DATA PROVIDED

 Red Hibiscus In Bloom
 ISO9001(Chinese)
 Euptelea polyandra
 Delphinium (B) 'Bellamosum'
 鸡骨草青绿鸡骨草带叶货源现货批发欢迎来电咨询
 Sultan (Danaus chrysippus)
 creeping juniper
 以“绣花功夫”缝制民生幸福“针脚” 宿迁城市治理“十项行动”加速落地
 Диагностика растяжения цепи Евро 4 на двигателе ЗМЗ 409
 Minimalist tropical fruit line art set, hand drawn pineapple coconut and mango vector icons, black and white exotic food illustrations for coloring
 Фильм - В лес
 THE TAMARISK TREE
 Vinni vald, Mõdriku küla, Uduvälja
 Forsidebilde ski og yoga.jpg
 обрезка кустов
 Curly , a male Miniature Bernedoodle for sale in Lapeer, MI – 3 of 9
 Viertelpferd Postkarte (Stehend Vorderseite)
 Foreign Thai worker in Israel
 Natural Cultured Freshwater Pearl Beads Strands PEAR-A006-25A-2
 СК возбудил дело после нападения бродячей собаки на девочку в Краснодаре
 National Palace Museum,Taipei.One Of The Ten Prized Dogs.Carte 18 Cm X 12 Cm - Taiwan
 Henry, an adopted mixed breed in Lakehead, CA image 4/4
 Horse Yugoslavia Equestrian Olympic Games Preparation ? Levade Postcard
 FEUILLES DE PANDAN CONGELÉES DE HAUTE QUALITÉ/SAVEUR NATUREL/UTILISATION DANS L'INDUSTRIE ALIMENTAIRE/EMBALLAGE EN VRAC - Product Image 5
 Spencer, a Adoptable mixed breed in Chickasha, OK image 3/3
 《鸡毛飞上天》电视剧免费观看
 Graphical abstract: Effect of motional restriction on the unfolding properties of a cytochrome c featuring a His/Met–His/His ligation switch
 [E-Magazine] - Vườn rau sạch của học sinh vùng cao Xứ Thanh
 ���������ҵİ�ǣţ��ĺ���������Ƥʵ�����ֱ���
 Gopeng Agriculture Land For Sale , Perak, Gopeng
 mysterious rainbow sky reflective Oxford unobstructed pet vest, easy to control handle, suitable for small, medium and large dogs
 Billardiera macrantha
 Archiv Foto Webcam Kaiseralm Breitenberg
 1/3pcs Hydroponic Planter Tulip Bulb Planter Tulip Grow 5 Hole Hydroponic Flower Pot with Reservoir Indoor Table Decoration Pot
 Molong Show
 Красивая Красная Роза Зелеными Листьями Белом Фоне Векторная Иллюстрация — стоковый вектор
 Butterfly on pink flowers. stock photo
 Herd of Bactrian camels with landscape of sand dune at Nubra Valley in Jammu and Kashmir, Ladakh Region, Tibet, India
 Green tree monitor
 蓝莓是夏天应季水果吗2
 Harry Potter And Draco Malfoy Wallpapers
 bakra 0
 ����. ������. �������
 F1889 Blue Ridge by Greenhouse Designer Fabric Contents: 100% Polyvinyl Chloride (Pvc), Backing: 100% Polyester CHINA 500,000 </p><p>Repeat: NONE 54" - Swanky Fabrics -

WORK TO BE COMPLETED
After reading through the records, retype all of them exactly.

ANSWER
 Red Hibiscus In Bloom
 ISO9001(Chinese)
 Euptelea polyandra
 Delphinium (B) 'Bellamosum'
 鸡骨草青绿鸡骨草带叶货源现货批发欢迎来电咨询
 Sultan (Danaus chrysippus)
 creeping juniper
 以“绣花功夫”缝制民生幸福“针脚” 宿迁城市治理“十项行动”加速落地
 Диагностика растяжения цепи Евро 4 на двигателе ЗМЗ 409
 Minimalist tropical fruit line art set, hand drawn pineapple coconut and mango vector icons, black and white exotic food illustrations for coloring
 Фильм - В лес
 THE TAMARISK TREE
 Vinni vald, Mõdriku küla, Uduvälja
 Forsidebilde ski og yoga.jpg
 обрезка кустов
 Curly , a male Miniature Bernedoodle for sale in Lapeer, MI – 3 of 9
 Viertelpferd Postkarte (Stehend Vorderseite)
 Foreign Thai worker in Israel
 Natural Cultured Freshwater Pearl Beads Strands PEAR-A006-25A-2
 СК возбудил дело после нападения бродячей собаки на девочку в Краснодаре
 National Palace Museum,Taipei.One Of The Ten Prized Dogs.Carte 18 Cm X 12 Cm - Taiwan
 Henry, an adopted mixed breed in Lakehead, CA image 4/4
 Horse Yugoslavia Equestrian Olympic Games Preparation ? Levade Postcard
 FEUILLES DE PANDAN CONGELÉES DE HAUTE QUALITÉ/SAVEUR NATUREL/UTILISATION DANS L'INDUSTRIE ALIMENTAIRE/EMBALLAGE EN VRAC - Product Image 5
 Spencer, a Adoptable mixed breed in Chickasha, OK image 3/3
 《鸡毛飞上天》电视剧免费观看
 Graphical abstract: Effect of motional restriction on the unfolding properties of a cytochrome c featuring a His/Met–His/His ligation switch
 [E-Magazine] - Vườn rau sạch của học sinh vùng cao Xứ Thanh
 ���������ҵİ�ǣţ��ĺ���������Ƥʵ�����ֱ���
 Gopeng Agriculture Land For Sale , Perak, Gopeng
 mysterious rainbow sky reflective Oxford unobstructed pet vest, easy to control handle, suitable for small, medium and large dogs
 Billardiera macrantha
 Archiv Foto Webcam Kaiseralm Breitenberg
 1/3pcs Hydroponic Planter Tulip Bulb Planter Tulip Grow 5 Hole Hydroponic Flower Pot with Reservoir Indoor Table Decoration Pot
 Molong Show
 Красивая Красная Роза Зелеными Листьями Белом Фоне Векторная Иллюстрация — стоковый вектор
 Butterfly on pink flowers. stock photo
 Herd of Bactrian camels with landscape of sand dune at Nubra Valley in Jammu and Kashmir, Ladakh Region, Tibet, India
 Green tree monitor
 蓝莓是夏天应季水果吗2
 Harry Potter And Draco Malfoy Wallpapers
 bakra 0
 ����. ������. �������
 F1889 Blue Ridge by Greenhouse Designer Fabric Contents: 100% Polyvinyl Chloride (Pvc), Backing: 100% Polyester CHINA 500,000 </p><p>Repeat: NONE 54" - Swanky Fabrics -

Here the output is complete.